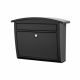 Dal Rae Architectural Mailbox with Lock Black
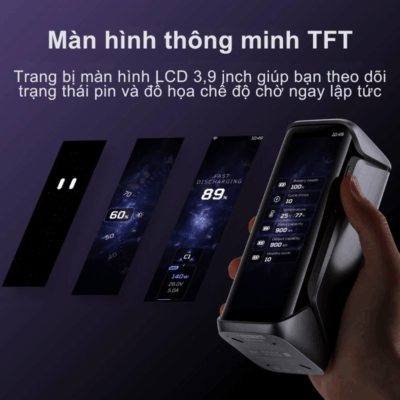 EcoFlow RAPID Pro X 300W - Trạm Sạc Di Động Mạnh Mẽ, Sạc Nhanh Đa Năng Cho Mọi Thiết Bị EcoFlow RAPID Pro X 300W - Trạm Sạc Di Động Mạnh Mẽ, Sạc Nhanh Đa Năng Cho Mọi Thiết Bị - <strong>EcoFlow RAPID Pro X 300W</strong> là trạm sạc di động mạnh mẽ, cung cấp nguồn năng lượng đáng tin cậy cho mọi nhu cầu của bạn. Với công suất đầu ra 300W, <strong>EcoFlow RAPID Pro X</strong> dễ dàng sạc cho laptop, máy ảnh, drone và nhiều thiết bị khác. Thiết kế nhỏ gọn, di động biến nó thành người bạn đồng hành lý tưởng cho cắm trại, dã ngoại hay các công việc ngoài trời. Trải nghiệm sự tiện lợi và hiệu suất vượt trội cùng <strong>EcoFlow RAPID Pro X</strong> ngay hôm nay. Đừng bỏ lỡ giải pháp năng lượng tối ưu này!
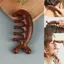 Đầu Massage Bằng Gỗ Đàn Hương Kinh Tuyến Da Đầu Mặt Vai Mắt Ne Cạo Điều Trị Rụng Tóc Chống Tĩnh Điện Răng Rộng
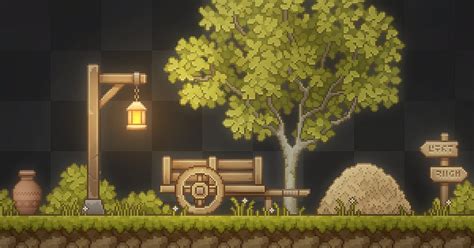 Pixel Art Platformer - Village Props (FREE Asset) : Unity2D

--

» **Task goal**:
With images omitted, retype the data word for word.

» **Problem solution**:
 Dal Rae Architectural Mailbox with Lock Black
 EcoFlow RAPID Pro X 300W - Trạm Sạc Di Động Mạnh Mẽ, Sạc Nhanh Đa Năng Cho Mọi Thiết Bị EcoFlow RAPID Pro X 300W - Trạm Sạc Di Động Mạnh Mẽ, Sạc Nhanh Đa Năng Cho Mọi Thiết Bị - <strong>EcoFlow RAPID Pro X 300W</strong> là trạm sạc di động mạnh mẽ, cung cấp nguồn năng lượng đáng tin cậy cho mọi nhu cầu của bạn. Với công suất đầu ra 300W, <strong>EcoFlow RAPID Pro X</strong> dễ dàng sạc cho laptop, máy ảnh, drone và nhiều thiết bị khác. Thiết kế nhỏ gọn, di động biến nó thành người bạn đồng hành lý tưởng cho cắm trại, dã ngoại hay các công việc ngoài trời. Trải nghiệm sự tiện lợi và hiệu suất vượt trội cùng <strong>EcoFlow RAPID Pro X</strong> ngay hôm nay. Đừng bỏ lỡ giải pháp năng lượng tối ưu này!
 Đầu Massage Bằng Gỗ Đàn Hương Kinh Tuyến Da Đầu Mặt Vai Mắt Ne Cạo Điều Trị Rụng Tóc Chống Tĩnh Điện Răng Rộng
 Pixel Art Platformer - Village Props (FREE Asset) : Unity2D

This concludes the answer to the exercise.